Avant de quitter Arêches, une visite chez Rémy Gachet s'impose. Il est l'un des soixante éleveurs de la commune. Tous confient leur production de lait à la coopérative de Beaufort, qui fabrique un millier de tonnes par an de ce fin fromage. Rémy, 30 ans, associé en Gaec (Groupement agricole d'exploitation en commun) avec ses parents, élève 60 laitières de race tarine dans une étable neuve et fonctionnelle, construite grâce à la santé florissante du beaufort et aux aides européennes. L'hiver, après la traite du matin, il est moniteur de ski. Le soir, il fait visiter son étable en pédagogue passionné. Les touristes assistent, ravis, à la traite, caressent les vaches, nourrissent les veaux au biberon géant, achètent ses produits… L'été, ces tarines paissent sur les pistes de ski : «Ici, agriculture et tourisme sont indissociables. C'est notre fierté», sourit Rémy.

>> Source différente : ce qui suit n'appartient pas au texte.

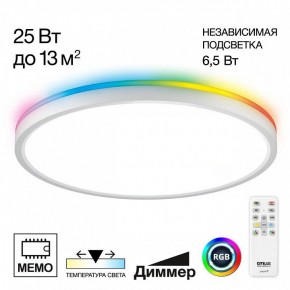 Накладной светильник Citilux Norma CL749320 в Кургане - kurgan.ok-mebel.com | фото 2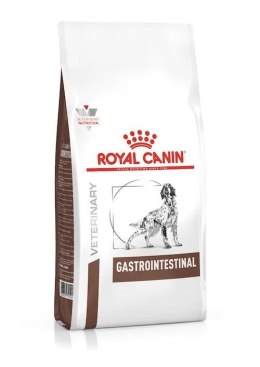 Royal Canin ROYAL CANIN Gastro Intestinal - sucha karma dla psa - 15kg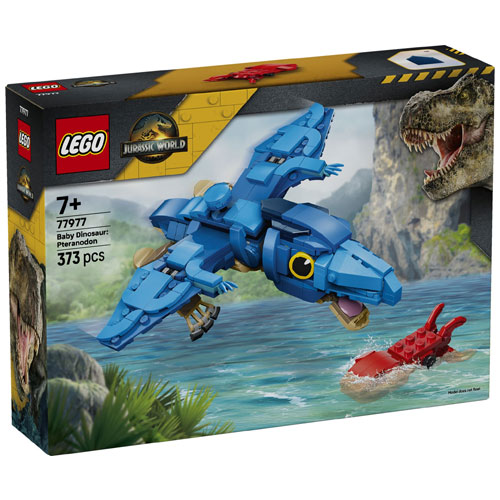 Lego (77977) Jurassic World Baby-Dino.: Pteranodon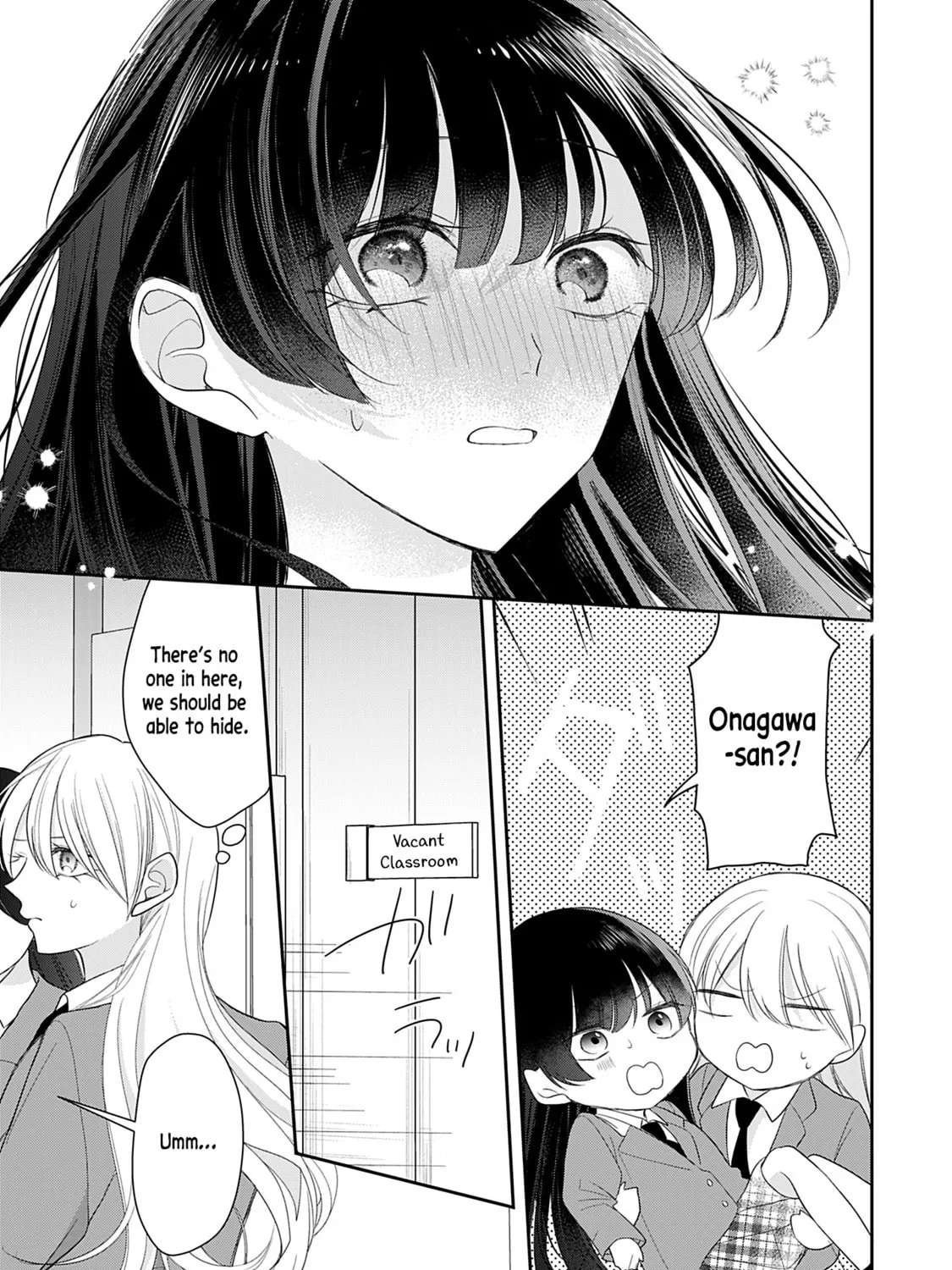 Ore Wa Koisuru Onnanoko Chapter 3 - page 1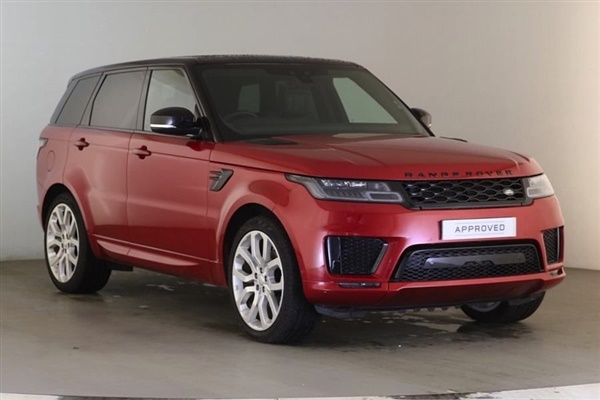 Land Rover Range Rover Sport 3.0 SDVhp) Autobiography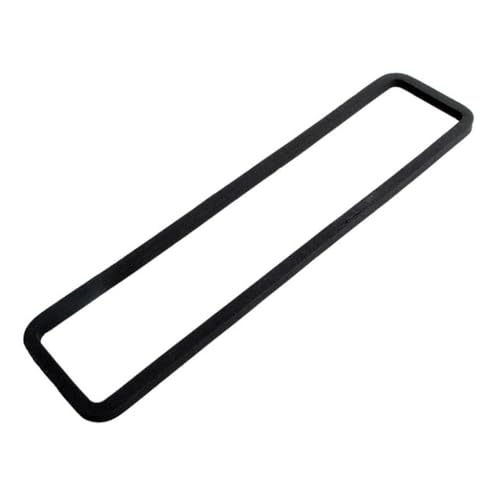 Metro Moulded Parts RP 100-L Cowl Vent Seal Made of Molded Sponge Compatible with/Replacement for Chrysler Airflow 1934-1937, Airstream Deluxe Series C-8 1936, Airstream Deluxe Series CZ 1935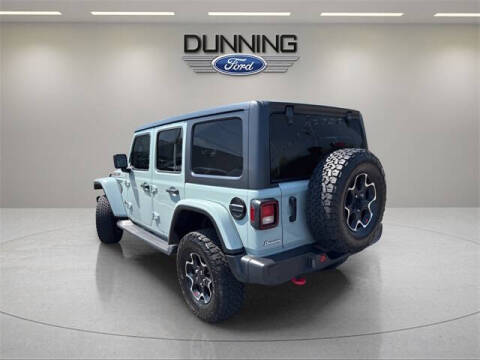 2023 Jeep Wrangler Rubicon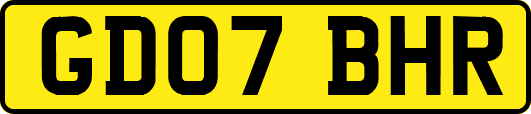 GD07BHR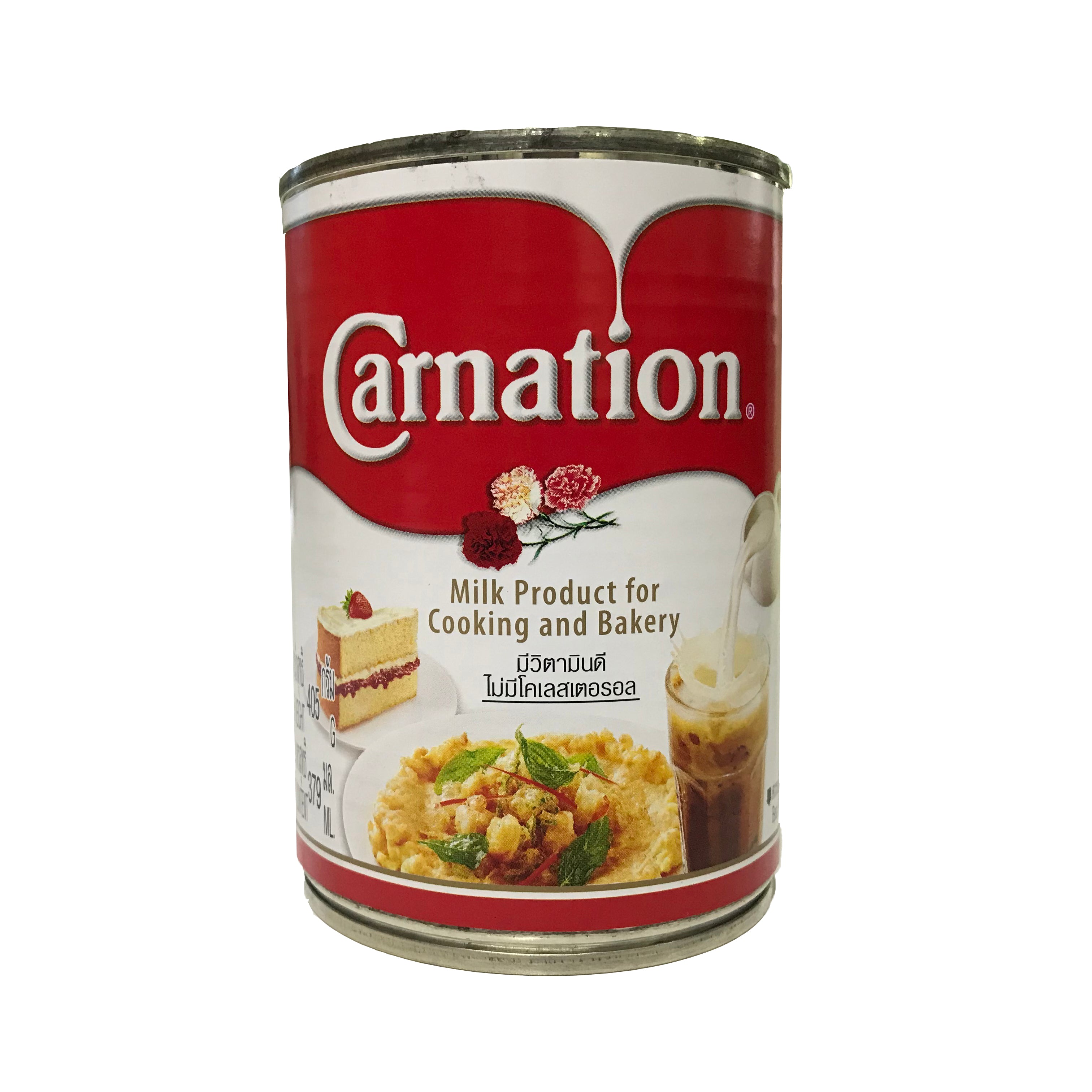 Carnation Milk 379ml (Halal)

Val d'Isère : Anglais et métro des neiges

Direction - via Albertville - la vallée savoyarde de la Tarentaise, la plus grande concentration de stations géantes des Alpes, temple de l’or blanc. Au bout de la vallée, Val d'Isère, 33 500 lits. C’est une ville à la montagne, dense et compacte, à 1 800 mètres d’altitude. Dans le centre, où tous les immeubles sont habillés de bois et de pierre, on retrouve les boutiques des grandes marques de sportswear. 65% de la clientèle est étrangère, c’est l’une des stations favorites des Britanniques. Pour les servir, une armée de saisonniers travaille ici.

Côté domaine skiable, Val d'Isère et sa voisine Tignes offrent un domaine immense, jusqu'à très haute altitude, mais l'argument ne suffit plus pour attirer la clientèle. Il faut «proposer l'expérience "ski maximum" pour tous, du ski tranquille en altitude au hors-piste en passant par le freestyle, pour lequel nous avons une grosse demande d'équipement», détaille Justine Mathé, directrice marketing de la station.

Qui dit «expérience», maître mot marketing dans les Alpes, dit forcément «équipement». Version freestyle, c'est le snowpark, secteur de la station réservé aux amateurs de grosses bosses, kicker, half-pipe… Une équipe dédiée de spécialistes, pisteurs, shapers et chauffeurs de dameuses, le bichonne avec passion. Jamais leurs circuits faciles n'ont été autant fréquentés : «On a de plus en plus de monde, ça devient un passage obligatoire. Les trois quarts de touristes ne font que quelques rotations… Le niveau baisse ; heureusement, une centaine de passionnés, souvent des saisonniers, pratiquent réellement le freestyle ici», soulignent Julien et Johny, respectivement shaper et pisteur du site.

L’équipement version animation, c’est la Folie douce, vaste terrasse de bar à ciel ouvert au milieu des pistes. Elle est bondée en journée : sono à fond, animatrice bilingue ultrabranchée, scène centrale, chanteurs et danseurs, DJ au balcon, alcool de rigueur. Version remontées, c’est le Funival, métro des neiges où l’on s’entasse pour remonter sous terre à toute vitesse et jaillir ébloui au sommet de la montagne de Bellevarde, à 2 827 mètres.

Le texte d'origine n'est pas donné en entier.